I was lucky enough to meet Alan Vanek in 2009.  His family is also 4th generation ranchers and they do still have the land, which has allowed me to continue to run a ranch, have cattle and live the way my family has always known, the way that runs deep through my veins... passionately deep.

Yes.  Ranching is a beautiful way of life and also a most difficult, physically demanding way of life at times.

We just endured record breaking dangerously cold weather and through all of that, had 200 baby calves hit the ground and only lost four of them - only three to exposure.  If you want to talk about tough?  Thirty-five below zero and saving a wet calf when it's born is tough work but miraculously... I love it    I am not a big person.  I'm 46 years old and my hands will be eat up with arthritis I'm quite sure, from pulling freezing up slimy calves into a calf sled at three o'clock in the morning, yarding the wet body of a limp calf onto a calf warmer and shoving a feed tube down it's throat with warm milk replacer just to keep it going until it's dry enough to take back to the cow.  From throwing a heavy saddle on a colt that's way too tall for winter riding but a good son-of-a… gun when a heifer is calving and she won't come in and it's 25 below zero.  My shoulders hurt from mucking out jugs of frozen afterbirth and bedding them with deep straw so the next heifer will have a clean bed to calve on.

Enough of my rant about how I love ranching.  It takes a special kind of tough and heart to endure the elements and keep going year after year.  That's why, when the ranching community hears of an out-of-state organization who is requesting unreasonable, sweeping changes to historic Montana BLM grazing leases, we get a little bit fed up.  When that organization says that their end goal is to remove ranchers from 3.5 million acres of historic grazing land, we get a little bit angry.

But our voice is not always strong.  Our work to be a voice, to be heard is an unpaid, volunteer position.  We aren't fancy talkers.  We aren't lawyers.  We are real people fighting for our future.  We are true Montanans.

The American Prairie Reserve (APR) is a special interest, out-of-state conservation group whose end goal is to remove ranchers from 3.5 million acres in the Missouri River Breaks of north central Montana and replace them with free roaming buffalo.  The group is targeting this area primarily because the native prairie is 90 per cent intact, thanks to generations of ranchers, and serves as an ideal template for their experiment to see if 3.5 million acres is big enough to run an unmanaged buffalo herd.  Yellowstone Park has proven this to be a real challenge and a huge management problem for both park officials and neighboring ranches and communities.

The APR has acquired quite a lot of land, mostly north of the Missouri River and south of Malta, the historic PN Ranch north of Winifred and the historic Two Crow ranch north of Winnett.  Over a year ago, American Prairie Reserve was pretentious enough to request unprecedented changes in use on 18 historic Montana Bureau of Land Management (BLM) grazing allotments.
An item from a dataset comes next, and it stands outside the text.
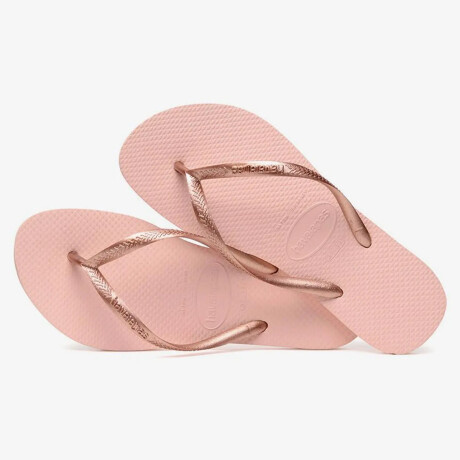 Ojotas Havaianas de Dama - HAVAIANA SLIM - HV40000300076 ROSA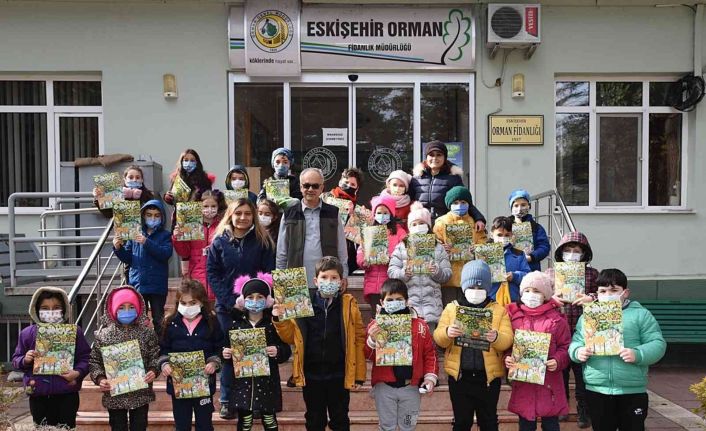 Dersimiz ’Orman’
They requested to remove interior fences on these allotments and run buffalo instead of cattle year around.  These requests left ranchers in the area dismayed and angered that the BLM would even consider it.  By protocol however, the BLM has to consider those requests and is still in the process of an Environmental Assessment (which many feel should be a full blown Environmental Impact Statement) after a landslide of public comments.

Most recently, Dan Bartel (Montana House District 29) sponsored a resolution (House Joint Resolution 28) in the Montana Legislature urging the BLM to deny the bison grazing proposal by the American Prairie Reserve.   The resolution already passed a vote in the House on March 1st, 2019, moving it on for consideration in the Senate.

This resolution reflects the thoughts and is the voice of the agriculture communities affected by the American Prairie Reserve’s vision.  Their vision that would silence Montana ranching heritage on 3.5 million acres forever.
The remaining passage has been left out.